### Your objective:
The answer must consist solely of the lines from the one containing "SERUM CAPILAR EXTRAORDINARIO" to the end of the entries below, repeated exactly.

### Data for this exercise:
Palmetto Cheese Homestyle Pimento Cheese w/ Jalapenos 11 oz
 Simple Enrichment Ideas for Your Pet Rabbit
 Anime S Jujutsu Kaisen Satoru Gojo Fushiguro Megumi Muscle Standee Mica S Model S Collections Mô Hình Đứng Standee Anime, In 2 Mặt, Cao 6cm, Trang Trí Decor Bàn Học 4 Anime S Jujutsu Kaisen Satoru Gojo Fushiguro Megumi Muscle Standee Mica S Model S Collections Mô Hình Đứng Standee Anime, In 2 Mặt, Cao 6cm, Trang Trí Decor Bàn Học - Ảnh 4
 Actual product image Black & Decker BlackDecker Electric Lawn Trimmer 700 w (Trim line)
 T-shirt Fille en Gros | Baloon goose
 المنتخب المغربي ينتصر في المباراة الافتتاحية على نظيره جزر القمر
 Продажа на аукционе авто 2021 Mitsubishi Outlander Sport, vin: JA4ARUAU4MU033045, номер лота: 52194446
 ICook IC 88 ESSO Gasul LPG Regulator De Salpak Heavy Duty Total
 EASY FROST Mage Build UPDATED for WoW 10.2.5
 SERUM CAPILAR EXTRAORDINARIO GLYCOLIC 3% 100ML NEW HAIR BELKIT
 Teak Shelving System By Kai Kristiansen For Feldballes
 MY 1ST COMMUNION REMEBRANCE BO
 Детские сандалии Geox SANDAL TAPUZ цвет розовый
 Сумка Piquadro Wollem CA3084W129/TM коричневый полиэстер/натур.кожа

### Answer below:
 SERUM CAPILAR EXTRAORDINARIO GLYCOLIC 3% 100ML NEW HAIR BELKIT
 Teak Shelving System By Kai Kristiansen For Feldballes
 MY 1ST COMMUNION REMEBRANCE BO
 Детские сандалии Geox SANDAL TAPUZ цвет розовый
 Сумка Piquadro Wollem CA3084W129/TM коричневый полиэстер/натур.кожа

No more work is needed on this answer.